──────── Material for this exercise

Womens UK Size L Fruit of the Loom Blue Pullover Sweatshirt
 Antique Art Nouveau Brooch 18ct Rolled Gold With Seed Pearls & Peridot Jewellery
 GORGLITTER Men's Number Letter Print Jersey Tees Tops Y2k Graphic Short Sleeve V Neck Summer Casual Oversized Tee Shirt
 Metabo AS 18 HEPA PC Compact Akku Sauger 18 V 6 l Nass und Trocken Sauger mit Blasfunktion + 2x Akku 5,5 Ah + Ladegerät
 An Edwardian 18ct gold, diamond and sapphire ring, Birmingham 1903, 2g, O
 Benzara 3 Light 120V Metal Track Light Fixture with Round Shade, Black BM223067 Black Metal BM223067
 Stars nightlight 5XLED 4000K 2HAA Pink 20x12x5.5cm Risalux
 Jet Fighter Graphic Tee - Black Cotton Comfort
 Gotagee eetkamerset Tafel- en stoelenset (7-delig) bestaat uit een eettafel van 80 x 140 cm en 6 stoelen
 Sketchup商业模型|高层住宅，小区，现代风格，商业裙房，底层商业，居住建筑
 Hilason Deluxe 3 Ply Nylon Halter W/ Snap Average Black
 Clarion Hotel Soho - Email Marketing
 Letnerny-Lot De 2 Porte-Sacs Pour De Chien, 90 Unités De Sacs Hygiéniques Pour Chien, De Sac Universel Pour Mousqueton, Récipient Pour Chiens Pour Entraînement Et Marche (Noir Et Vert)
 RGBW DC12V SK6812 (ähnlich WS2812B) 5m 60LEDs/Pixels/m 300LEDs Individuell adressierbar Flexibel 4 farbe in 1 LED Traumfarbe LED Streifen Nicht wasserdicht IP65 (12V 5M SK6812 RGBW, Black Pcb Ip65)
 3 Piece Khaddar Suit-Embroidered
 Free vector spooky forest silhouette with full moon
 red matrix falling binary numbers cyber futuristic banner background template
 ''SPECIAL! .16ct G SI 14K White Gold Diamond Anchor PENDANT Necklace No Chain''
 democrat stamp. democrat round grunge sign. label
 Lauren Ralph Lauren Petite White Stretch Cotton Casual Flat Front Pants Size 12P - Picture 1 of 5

────────────────

=== How to complete this task ===
Exact repetition is required: return every record shown above.

=== Result for this task ===
Womens UK Size L Fruit of the Loom Blue Pullover Sweatshirt
 Antique Art Nouveau Brooch 18ct Rolled Gold With Seed Pearls & Peridot Jewellery
 GORGLITTER Men's Number Letter Print Jersey Tees Tops Y2k Graphic Short Sleeve V Neck Summer Casual Oversized Tee Shirt
 Metabo AS 18 HEPA PC Compact Akku Sauger 18 V 6 l Nass und Trocken Sauger mit Blasfunktion + 2x Akku 5,5 Ah + Ladegerät
 An Edwardian 18ct gold, diamond and sapphire ring, Birmingham 1903, 2g, O
 Benzara 3 Light 120V Metal Track Light Fixture with Round Shade, Black BM223067 Black Metal BM223067
 Stars nightlight 5XLED 4000K 2HAA Pink 20x12x5.5cm Risalux
 Jet Fighter Graphic Tee - Black Cotton Comfort
 Gotagee eetkamerset Tafel- en stoelenset (7-delig) bestaat uit een eettafel van 80 x 140 cm en 6 stoelen
 Sketchup商业模型|高层住宅，小区，现代风格，商业裙房，底层商业，居住建筑
 Hilason Deluxe 3 Ply Nylon Halter W/ Snap Average Black
 Clarion Hotel Soho - Email Marketing
 Letnerny-Lot De 2 Porte-Sacs Pour De Chien, 90 Unités De Sacs Hygiéniques Pour Chien, De Sac Universel Pour Mousqueton, Récipient Pour Chiens Pour Entraînement Et Marche (Noir Et Vert)
 RGBW DC12V SK6812 (ähnlich WS2812B) 5m 60LEDs/Pixels/m 300LEDs Individuell adressierbar Flexibel 4 farbe in 1 LED Traumfarbe LED Streifen Nicht wasserdicht IP65 (12V 5M SK6812 RGBW, Black Pcb Ip65)
 3 Piece Khaddar Suit-Embroidered
 Free vector spooky forest silhouette with full moon
 red matrix falling binary numbers cyber futuristic banner background template
 ''SPECIAL! .16ct G SI 14K White Gold Diamond Anchor PENDANT Necklace No Chain''
 democrat stamp. democrat round grunge sign. label
 Lauren Ralph Lauren Petite White Stretch Cotton Casual Flat Front Pants Size 12P - Picture 1 of 5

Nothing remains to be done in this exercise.